Visualize learned representations from Siamese T-Learner and JEPA-Causal.

In [None]:
# Get representations
siamese_model = models['Siamese-T']
jepa_model = models['JEPA-Causal']

z_siamese = siamese_model.get_representations(X_test)
z_jepa = jepa_model.get_causal_representations(X_test)

print(f"Siamese representations: {z_siamese.shape}")
print(f"JEPA representations: {z_jepa.shape}")

In [None]:
# Visualize representations with UMAP
from sklearn.manifold import TSNE

# Reduce to 2D for visualization
tsne = TSNE(n_components=2, random_state=42)
z_siamese_2d = tsne.fit_transform(z_siamese)

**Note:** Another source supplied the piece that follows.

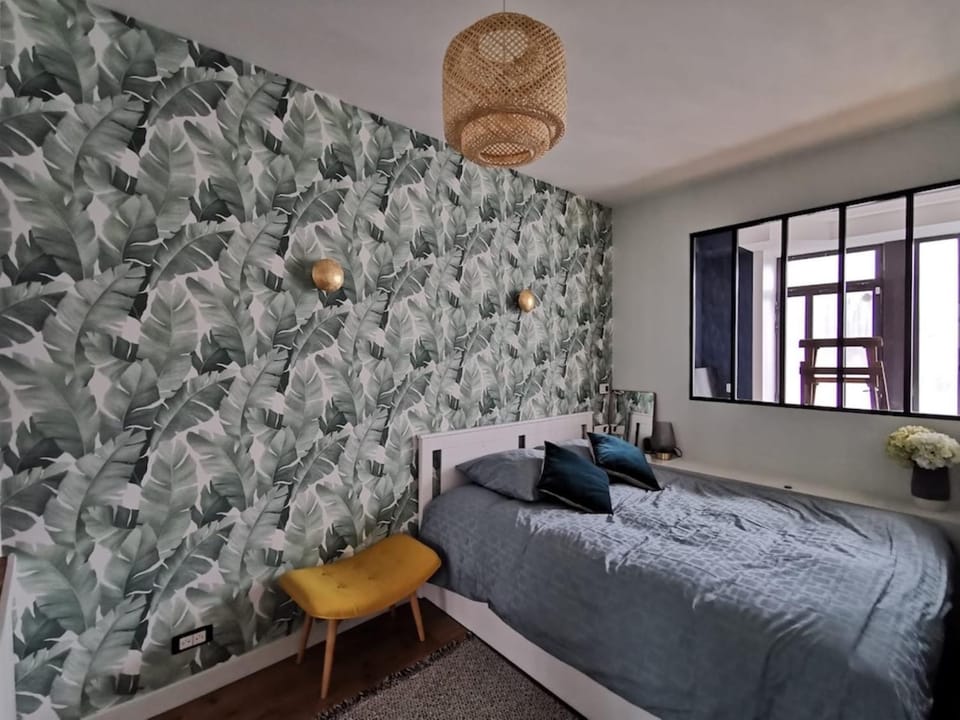 Appartement rénové une chambre avec espace de travail Apartment in Suresnes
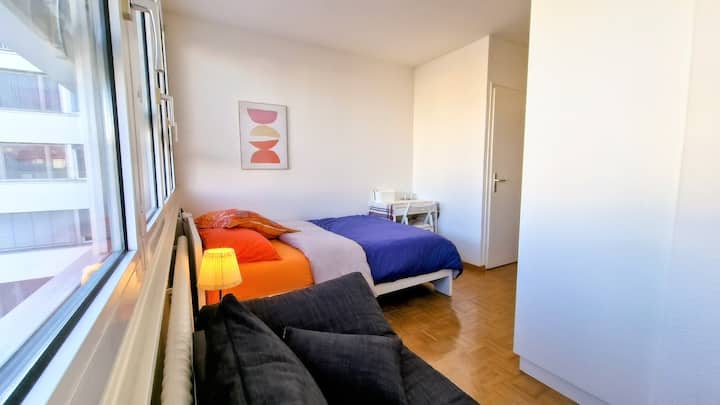 Central & Fully Equipped Room - Geneva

tsne = TSNE(n_components=2, random_state=42)
z_jepa_2d = tsne.fit_transform(z_jepa)

fig, axes = plt.subplots(2, 2, figsize=(14, 12))

# Siamese representations colored by treatment
axes[0, 0].scatter(z_siamese_2d[T_test==0, 0], z_siamese_2d[T_test==0, 1],
                   alpha=0.5, label='Control', s=20)
axes[0, 0].scatter(z_siamese_2d[T_test==1, 0], z_siamese_2d[T_test==1, 1],
                   alpha=0.5, label='Treated', s=20)
axes[0, 0].set_title('Siamese T-Learner Representations (by Treatment)')
axes[0, 0].legend()

# Siamese representations colored by true CATE
scatter = axes[0, 1].scatter(z_siamese_2d[:, 0], z_siamese_2d[:, 1],
                             c=tau_test, cmap='RdYlBu_r', s=20, alpha=0.6)
axes[0, 1].set_title('Siamese T-Learner Representations (by True CATE)')
plt.colorbar(scatter, ax=axes[0, 1], label='True CATE')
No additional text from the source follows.